→ **What you have to do**
A faithful transcription of all the data, images excluded, is the required answer.

------------------------------------------------------------

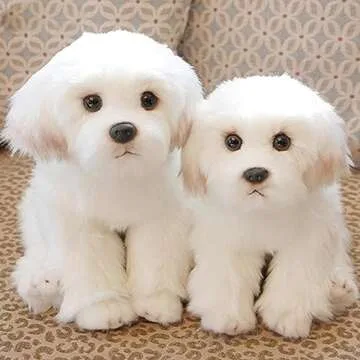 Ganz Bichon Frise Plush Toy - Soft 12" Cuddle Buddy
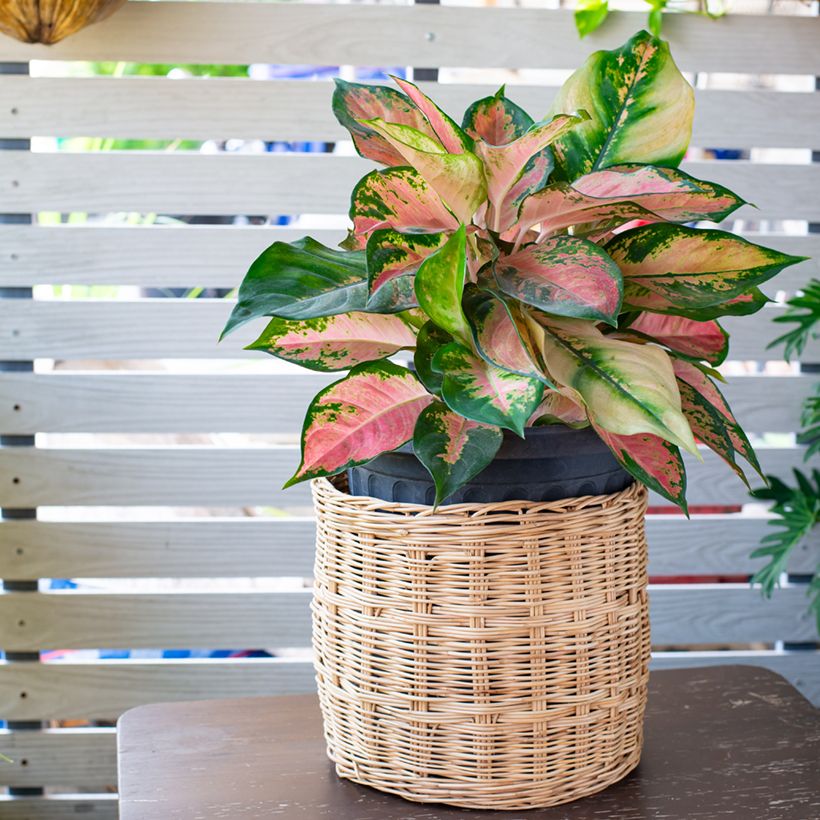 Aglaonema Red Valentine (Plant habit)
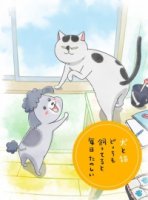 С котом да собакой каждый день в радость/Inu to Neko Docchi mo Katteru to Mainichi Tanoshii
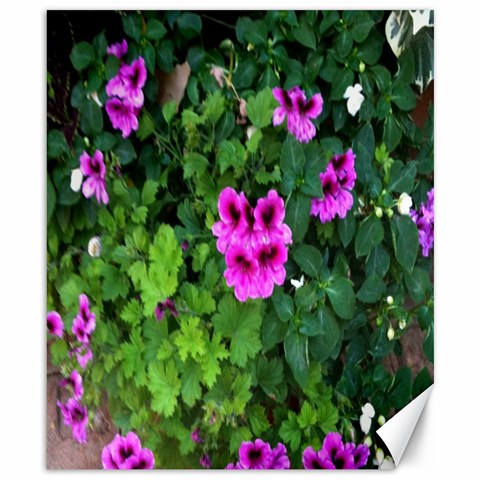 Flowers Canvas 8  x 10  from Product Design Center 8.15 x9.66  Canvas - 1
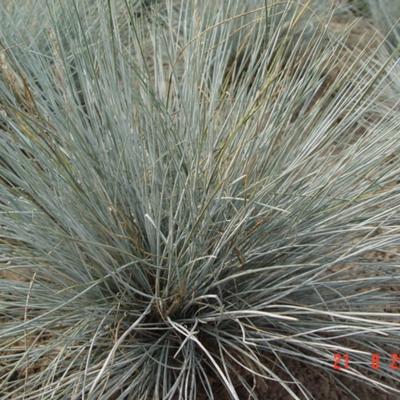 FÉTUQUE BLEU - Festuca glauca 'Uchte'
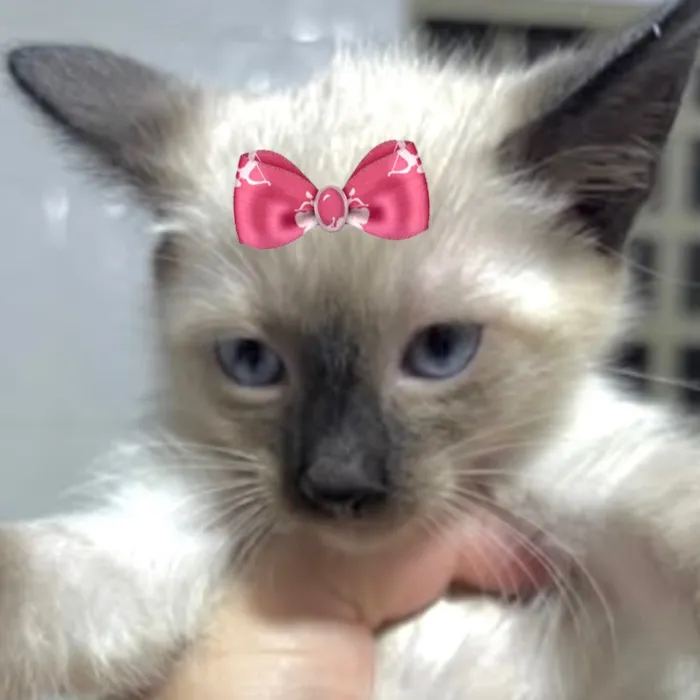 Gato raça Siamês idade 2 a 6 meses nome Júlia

------------------------------------------------------------

→ **Completed exercise**
 Ganz Bichon Frise Plush Toy - Soft 12" Cuddle Buddy
 Aglaonema Red Valentine (Plant habit)
 С котом да собакой каждый день в радость/Inu to Neko Docchi mo Katteru to Mainichi Tanoshii
 Flowers Canvas 8  x 10  from Product Design Center 8.15 x9.66  Canvas - 1
 FÉTUQUE BLEU - Festuca glauca 'Uchte'
 Gato raça Siamês idade 2 a 6 meses nome Júlia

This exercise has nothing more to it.